Task description
Only the lines from the one that contains "ಕುಷ್ಠ ರೋಗಿಗಳ ಕೇಂದ್ರದಲ್ಲಿ" through the last line of the data below should be duplicated, exactly and without pictures.

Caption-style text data
· · · · · · ·

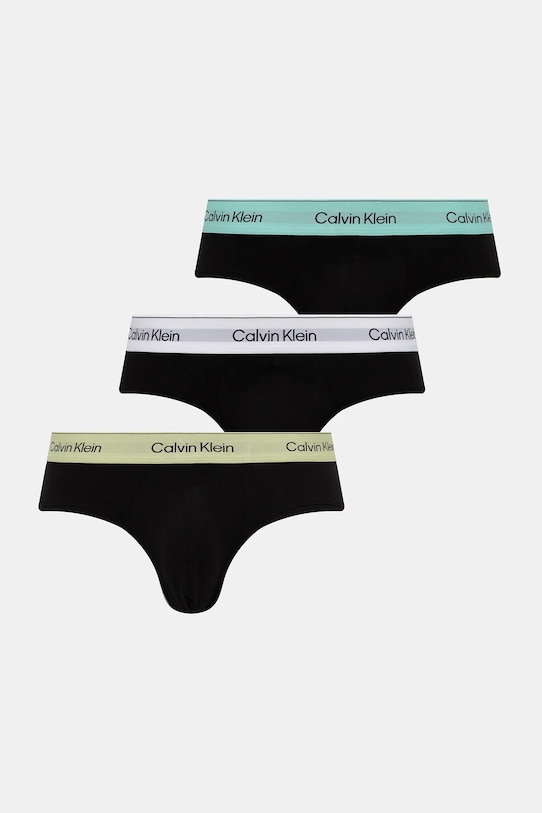 Трусы 3 шт Calvin Klein Underwear, черный
Трусы 3 шт Calvin Klein Underwear, черный
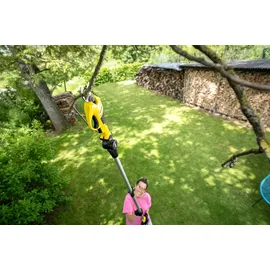 Kärcher Teleskopstiel für Akku-Astsäge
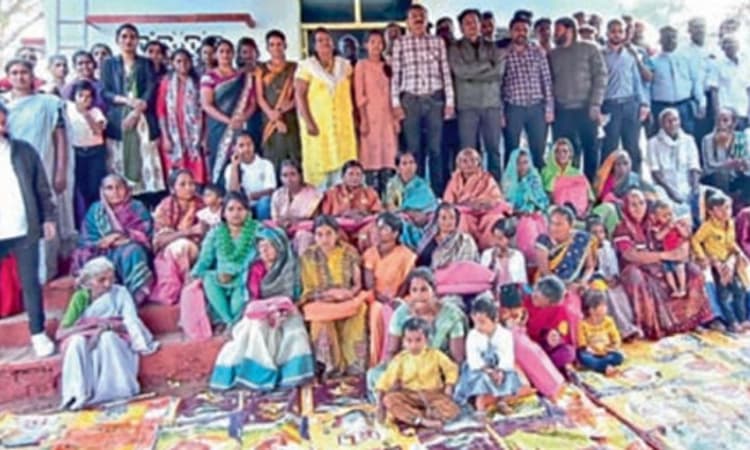 ಕುಷ್ಠ ರೋಗಿಗಳ ಕೇಂದ್ರದಲ್ಲಿ ಕ್ರಿಸ್‌ಮಸ್‌ ಹಬ್ಬ ಆಚರಣೆ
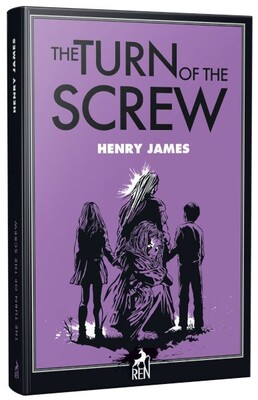 The Turn of the Screw - Ren Kitap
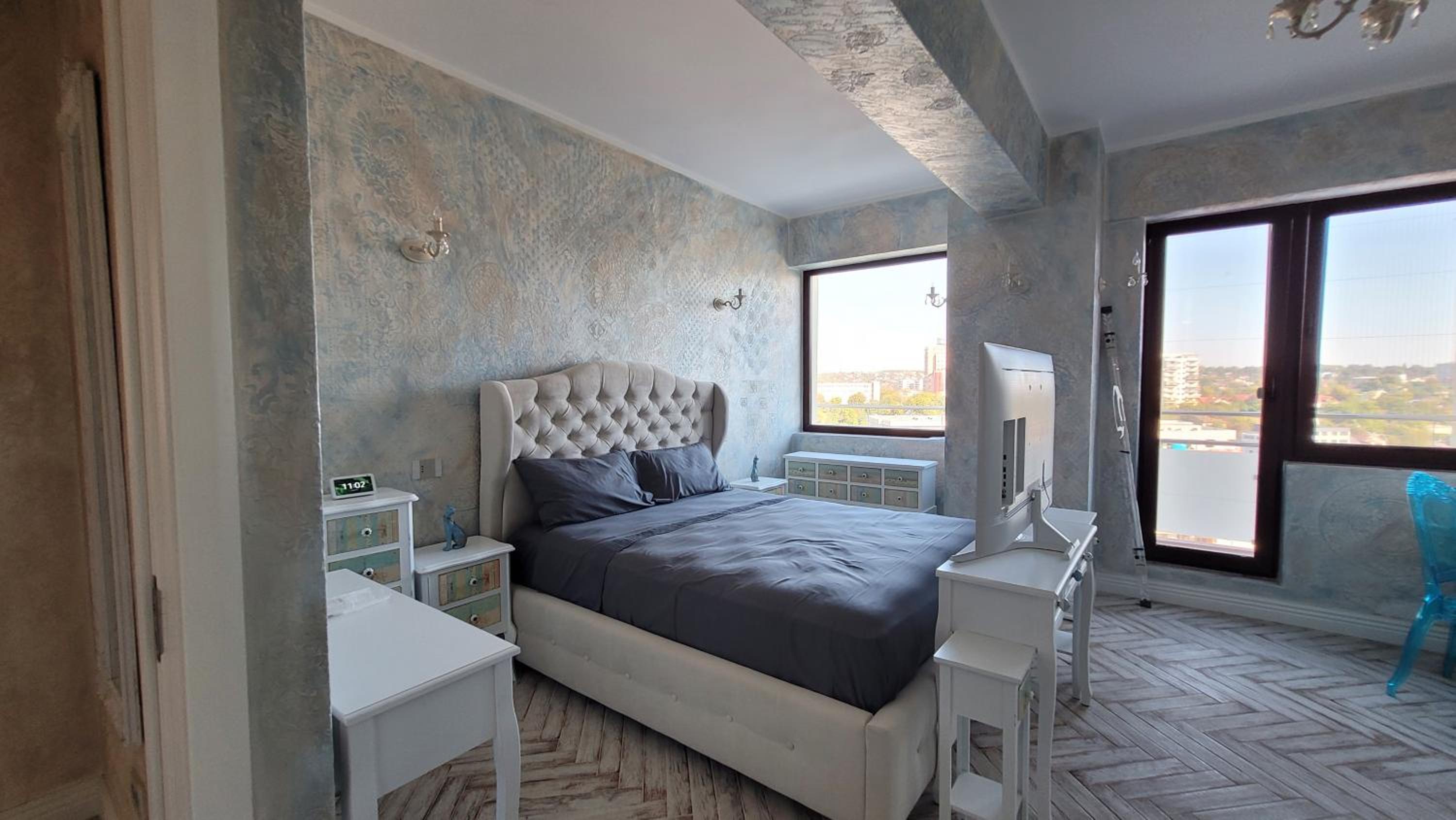 King Room With Spa Bath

· · · · · · ·

Output for this exercise
 ಕುಷ್ಠ ರೋಗಿಗಳ ಕೇಂದ್ರದಲ್ಲಿ ಕ್ರಿಸ್‌ಮಸ್‌ ಹಬ್ಬ ಆಚರಣೆ
 The Turn of the Screw - Ren Kitap
 King Room With Spa Bath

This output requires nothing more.